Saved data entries
────────────────────────────────────────

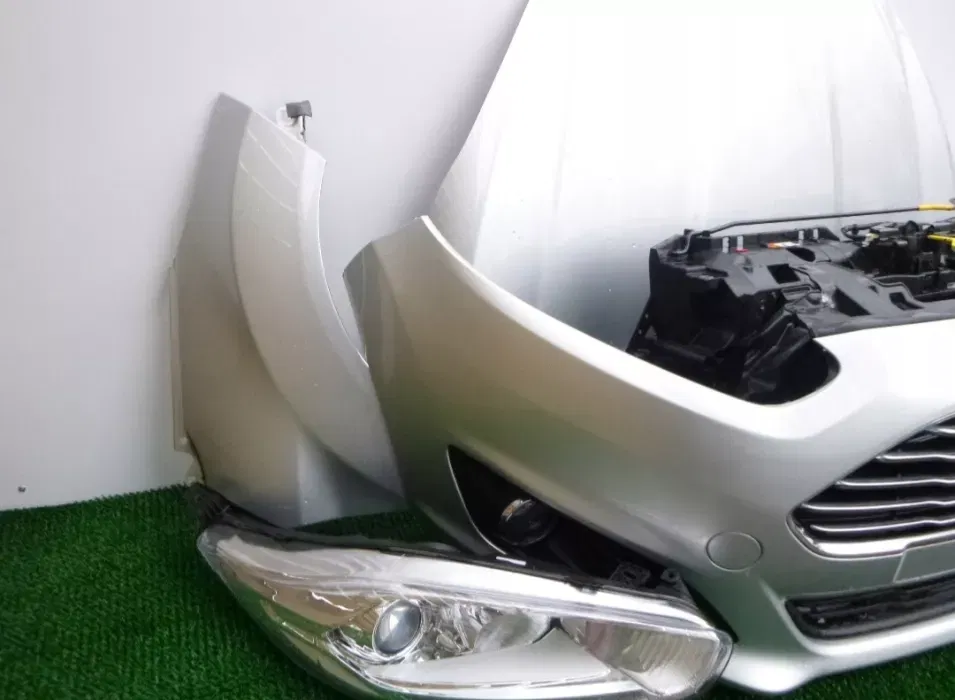 Fata completa - Ford Fiesta (2014) - 1.5 TDI
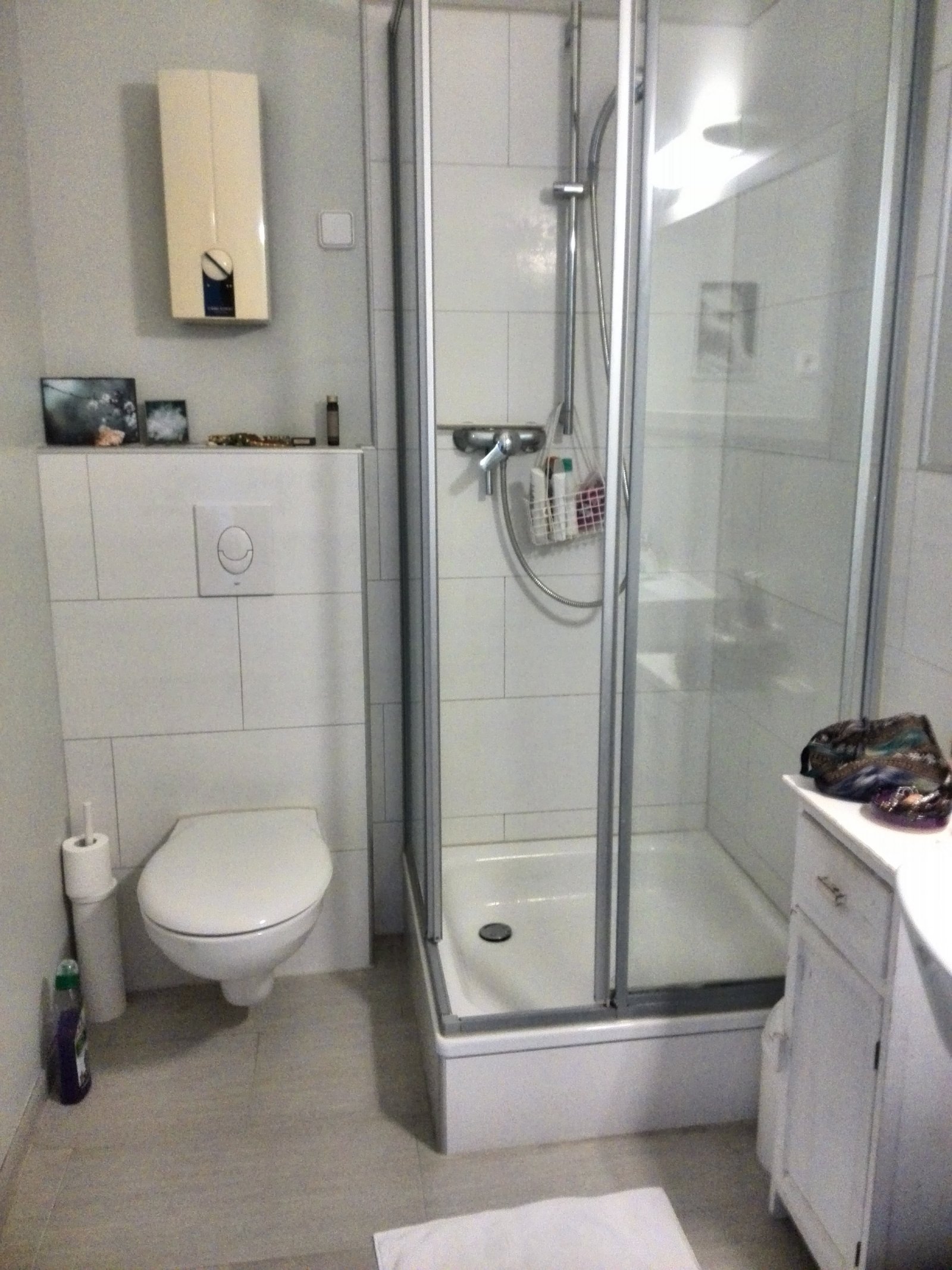 Helle 2-Zimmer-Wohnung mit gemütlichem Erker zum Wohlfühlen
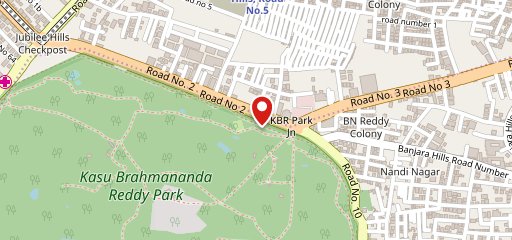 1980's Military Hotel@KBR Park on map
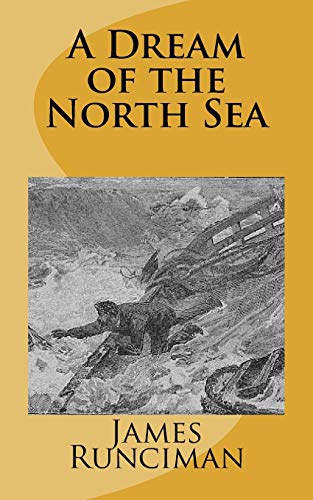 جلد کتاب A Dream of the North Sea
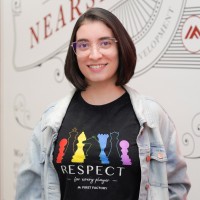 First Factory Employee Gloriana Perez's profile photo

────────────────────────────────────────

**DESCRIPTION OF THE TASK:** A word-for-word copy of the lines from the one with "جلد کتاب A Dream of the North Sea" through the last line of the data above is required, with both end lines included and no pictures.

**ANSWER SECTION:**
 جلد کتاب A Dream of the North Sea
 First Factory Employee Gloriana Perez's profile photo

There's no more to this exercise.